Komut Citilink tegaskan pergantian dirut tidak terkait pemeriksaan di Kejagung

id citilink,dirut citilink

Komut Citilink tegaskan pergantian dirut tidak terkait pemeriksaan di Kejagung

Pesawat maskapai Citilink. (ANTARA/HO-Citilink)

Perubahan susunan pengurus perusahaan merupakan langkah strategis, khususnya dalam menjadikan Citilink sebagai maskapai yang lebih inovatif di tengah tantangan pandemi COVID-19 yang berlangsung saat ini
Jakarta (ANTARA) - Komisaris Utama Citilink Prasetio membantah kabar yang beredar bahwa pergantian Direktur Utama (Dirut) Citilink karena terkait pemeriksaan di Kejaksaan Agung dalam kasus pengadaan pesawat ATR 72-600.

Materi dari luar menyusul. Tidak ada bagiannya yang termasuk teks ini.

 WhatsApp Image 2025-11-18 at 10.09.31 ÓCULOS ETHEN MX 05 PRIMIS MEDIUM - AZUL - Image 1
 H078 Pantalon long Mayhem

"Pergantian jajaran komisaris dan direksi BUMN adalah hal biasa. Pergantian pengurus adalah hal yang lumrah, tour of duty biasa," kata Prasetio di Jakarta, Jumat.

Pada Kamis (17/2) Maskapai penerbangan Citilink melakukan perubahan susunan pengurus Perusahaan berdasarkan Keputusan Pemegang Saham di Luar Rapat Umum Pemegang Saham (RUPS).

Dalam jajaran pengurus perusahaan yang baru tersebut Dewa Kadek Rai diangkat sebagai Direktur Utama Citilink yang sebelumnya dijabat Juliandra Nurtjahjo.

Perubahan susunan pengurus perusahaan merupakan langkah strategis, khususnya dalam menjadikan Citilink sebagai maskapai yang lebih inovatif di tengah tantangan pandemi COVID-19 yang berlangsung saat ini.

"Jajaran direksi dan komisaris yang telah menyelesaikan masa tugasnya, telah memberikan kontribusi terbaik yang telah diberikan kepada perusahaan sehingga dapat terus tumbuh sebagai salah satu maskapai terkemuka di Indonesia bahkan di tengah tantangan pandemi yang berdampak luar biasa bagi industri penerbangan,” kata Prasetio dalam keterangannya.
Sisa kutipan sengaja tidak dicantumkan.